Friday, May 28, 2010

Dude Movies: Avatar


What's it about?
It's about three hours.

Any chicks in the movie?
Some, but they are either big blue furry space elves, half Sigorney Weaver / half space elf, or Michelle Rodriguez. And let's be honest: Michelle Rodriguez is basically a dude.

Awesomeness factor?
Not nearly high enough, which is also probably what you'll be telling yourself at hour two of this turgid, flabby space epic. By now, you're almost certainly familiar with the basics of Avatar even if you haven't seen the movie (space marines go to Planet Fern Gully to strip mine it but are waylaid by plucky natives - with the help of a white dude first, natch) so let's get the good stuff out of the way first:

1) There's a totally bitchin' sequence involving dragons* at about the halfway point where the movie sort of wakes itself up from it's druggy, New Agey, touchy-feely snoozefest and (for about fifteen minutes, anyway) turns into something that's still stupid but at least fun to watch. It was true when I was twelve and it's true now: Dragons are cool.
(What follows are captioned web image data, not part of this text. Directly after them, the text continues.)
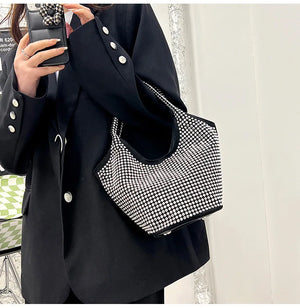 Bright Diamond Bucket Bag One Shoulder Portable Dinner Bag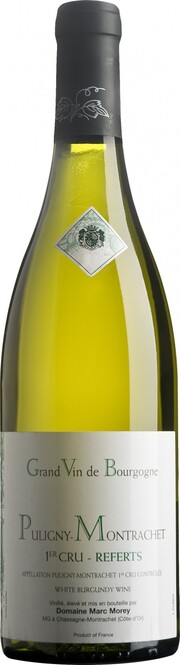 Вино Domaine Marc Morey & Fils, Puligny-Montrachet 1er Cru "Les Referts" AOC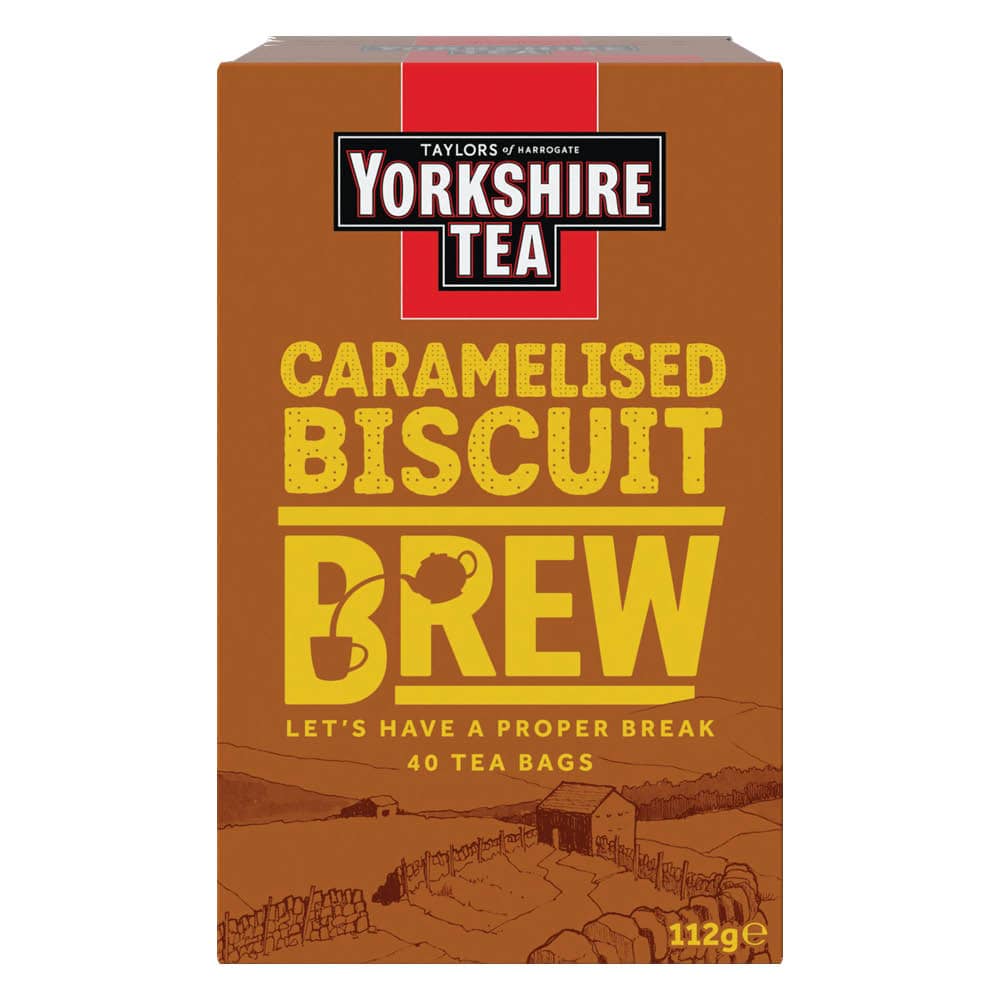  Yorkshire Tea Caramelised Biscuit Brew 40 påsar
2) The last half-hour or so where the marines FINALLY stop whining about Pandora and start tearing it a new asshole. I was supposed to be rooting for the space marines, right? I wasn't? Whoops.
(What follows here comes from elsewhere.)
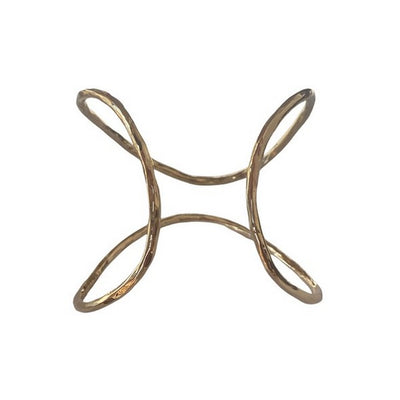 Brass Lissa Bowie Loop Cuff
So let's be generous and say that's about forty-five minutes of passably awesome stuff, strikingly similar in shape to James Cameron's previous nerd-boner icepack Titanic. That leaves about TWO HOURS AND FIFTEEN MINUTES of some of the most boring goddamn shit I have ever made myself sit through, somehow made worse because all I could think about is the battalion of computer-animation Poindexters that it clearly took to make it. I salute those Poindexters, because on a technical level Avatar is a freakin' marvel and which, if nothing else, finally convinced me that motion capture isn't just the 21st century version of tracing. But at the conceptual level, it's such an incredible waste. Pandora doesn't come across as an alien landscape so much as an animated Yes album cover with some phosphorescent jellyfish thrown in for good measure, and the Na'vi (the dumb-sounding name for the space elf tribe) comes across as Generic Blue Indigenous Race designed using probably the same process the Itchy & Scratchy writers used to create Poochie.** Of course, if there was a story to go along with the space elves I probably wouldn't care, but what little story Avatar has is told by people who assume their audience is made up of total morons, so anything that might have had some inherent appeal is either ignored or simplified to the point of ridiculousness. So, the final effect is that of a really talented cook, taking really expensive ingredients and utilizing a kitchen full of incredibly talented staff, and then throwing that shit into a blender so he can spoon-feed you the purest, blandest pablum he can. Not my idea of a good time.

Mitigated by?
Dude, I heard you can sync up Avatar to Tales Of Topographic Oceans and it totally works!

* OK, they're not REALLY dragons because it's a different planet but, come on. It's got wings. And a tail. And a serpent head. It's a dragon.

** "Hmmmm, ok, we're at about 50% Native American and 50% space elf. Can we lower the space elf to 35% and maybe add 10% Maori with about 5% what I think Aztecs looked like without bothering to check to see if I'm right first?" "Sure thing, Mr. Cameron!"